15 de mai. de 2012

A esmola para a cultura.

Certamente, aqueles dias em que as artes eram consideradas algo sagrado já ficaram bem longe: era na Antiguidade, nos dias dos deuses do Olimpo e outras mitologias. Logo, na Idade Média, a cultura européia herdou muito da civilização da Grécia, mas as artes focalizaram-se na inspiração cristã. Mais tarde, durante a Renascença, houve uma grande mudança. O artista tornou-se um súbdito da nobreza que lhe dava tudo – ou quase tudo – para viver: roupas, comida, moradia, espaços e tempo para uma dedicação total às artes... Mas, sempre e quando o artista concordasse com as crenças, preferências estéticas, inclinações políticas e até manias dos nobres que pagavam os serviços prestados pelos artistas. Podemos imaginar que não sempre eram glórias nem reconhecimentos ao talento ou a genialidade, e a história registra casos que foram célebres. Uma discrepância havida entre Mozart e o arcebispo de Salzburgo deu que falar até hoje. Havendo-se negado o compositor a continuar sendo tratado como um servente da corte, e até solicitado para compor música para dançar durante as reuniões sociais onde todos conversavam em voz alta, riam e faziam brincadeiras para se divertir, tudo terminou quando Mozart teve um altercado violento com o rígido arcebispo e foi expulso as pancadas do palácio. Daí em diante, apesar do seu grande prestígio como músico caiu na mais absoluta pobreza. Acabou-se o patrocínio. No entanto, outros não tiveram igual destino, mas foi porque se submeteram à vontade daqueles “sponsors” do século XVIII.

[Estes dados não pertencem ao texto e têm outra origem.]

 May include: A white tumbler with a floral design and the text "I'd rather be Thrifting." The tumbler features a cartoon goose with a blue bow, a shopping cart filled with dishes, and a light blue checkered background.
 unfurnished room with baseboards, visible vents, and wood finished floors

Temos assim uma herança de velhos tempos que perdura até hoje. Inúmeras vezes escutamos falar em dificuldades para obter patrocinadores que apóiem financeiramente a cultura. A arte só pode ser algo “sagrado” (entenda-se de graça pelo amor à arte) ou, caso contrário, há financiamento de parte dos “setores produtivos” que hoje são empresas comerciais. Às vezes o financiamento é do próprio governo que contribui com verbas destinadas à cultura, mas, como se sabe, essas verbas fazem parte do produto da arrecadação de impostos. Essas fontes de financiamento, privadas ou governamentais, sustentam inclusive entidades culturais importantes. Podemos mencionar, por exemplo, o Metropolitan Opera House em Nova Iorque que, após uma quebra financeira quase total, se transformou numa fundação onde vários “sponsors” evitaram a clausura definitiva desse tradicional centro de espetáculos. Qual é a causa de tantas dificuldades para uma gestão artística não ser deficitária? Aparentemente se trataria dos altos custos para produzir espetáculos de alta qualidade, incluindo os elevados cachês dos artistas. Então, mais uma vez, se fecha o círculo vicioso: o dinheiro deve ser providenciado pelas fontes produtivas, porque parece que a arte não pode ser produtiva por si só.

Sem dúvida é um assunto muito complexo e não dá para esgotar aqui um tema tão polêmico. Algumas perguntas freqüentes são: é justo que haja artistas com pretensão de serem milionários contribuindo a elevar os custos e, logicamente, o valor dos ingressos que paga o público?, por acaso a população de baixa renda não tem também direito a comprar arte?, o Estado não tem a obrigação de promover a cultura contribuindo com dinheiro para financiar uma parte dos custos? Sejamos sinceros; tudo isso já foi dito e repetido até o cansaço. Há outra questão igualmente importante.

Hoje, as maiores quantias em dinheiro movimentado em atividades artísticas são destinadas a manifestações de muito pouco conteúdo cultural. Porém, se diz que isso é muito lucrativo, veja-se bem, tanto para os sponsors como para os artistas. Aí já não se fala em financiamento senão em “investimento” – que é um conceito bem diferente. Esses investidores se parecem muito àqueles nobres do século XVIII, porque quem não concordar com o que eles julgam que vale a pena financiar, fica fora. Não interessa se o investimento será feito para promover uma pessoa que nunca estudou nem dedicou horas e anos para se aperfeiçoar. Não interessa se isso vai contribuir, ou não, a elevar a cultura da população de baixa renda. Também não interessa se esses “artistas” ficarão talvez milionários em pouco tempo e com grande sucesso de público. No entanto, as grandes manifestações artísticas devem continuar rogando favores às maiores empresas do mundo e aos governos. Eu perguntaria simplesmente uma coisa só, e deixaria o tema por aqui para pensar. Qual é a causa dessa situação?